***** Recorded information *****

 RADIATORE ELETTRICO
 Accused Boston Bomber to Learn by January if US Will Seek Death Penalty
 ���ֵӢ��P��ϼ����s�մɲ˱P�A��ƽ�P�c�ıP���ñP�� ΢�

*****

Instructions for the task: Each line above must be retyped exactly in the response.

Answer below:
 RADIATORE ELETTRICO
 Accused Boston Bomber to Learn by January if US Will Seek Death Penalty
 ���ֵӢ��P��ϼ����s�մɲ˱P�A��ƽ�P�c�ıP���ñP�� ΢�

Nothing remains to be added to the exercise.